(Beginning of Raw data)
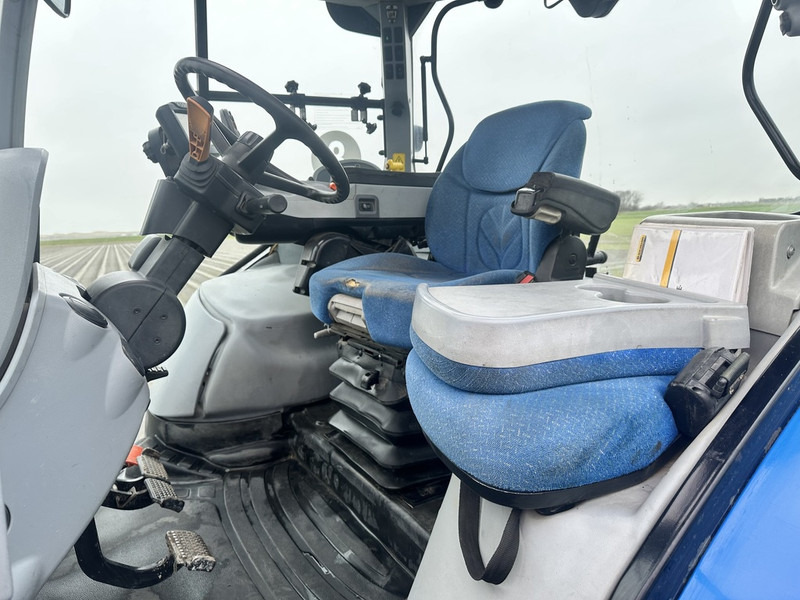 New Holland T6080 - Τρακτέρ: φωτογραφία 5 New Holland T6080 - Τρακτέρ: φωτογραφία 5
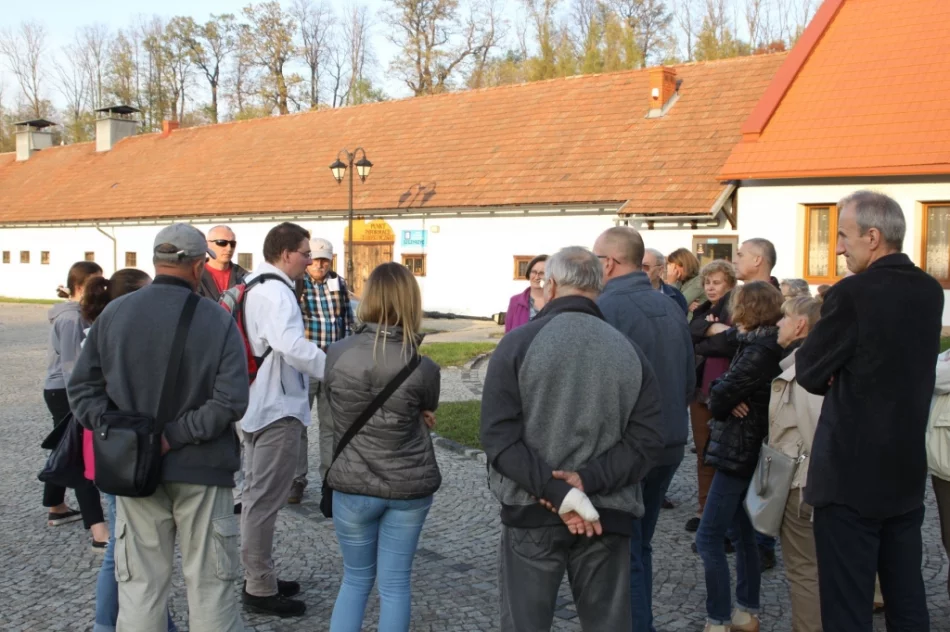 Słoneczna pogoda sprzyjała zwiedzaniu opactwa - zdjęcie 8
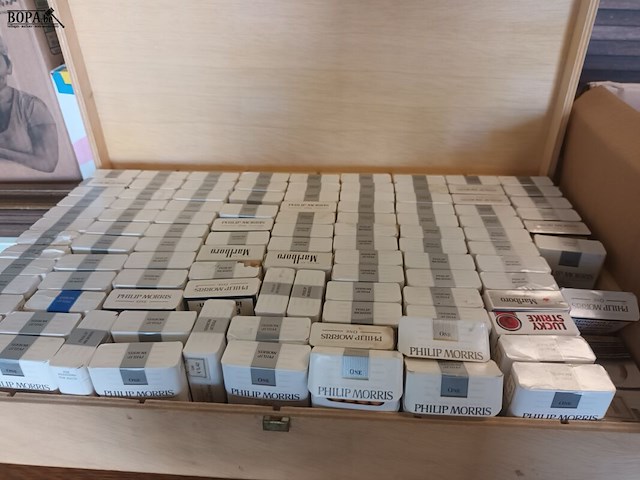 Lot 80 - verzameling oude rookwaren. 3 dozen - afbeelding 2 van  5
(End of Raw data)
▶ _Exercise objective_
Leave the pictures out and set down the rest of the listing above exactly.

▶ _Solution to this exercise_
 New Holland T6080 - Τρακτέρ: φωτογραφία 5 New Holland T6080 - Τρακτέρ: φωτογραφία 5
 Słoneczna pogoda sprzyjała zwiedzaniu opactwa - zdjęcie 8
 Lot 80 - verzameling oude rookwaren. 3 dozen - afbeelding 2 van  5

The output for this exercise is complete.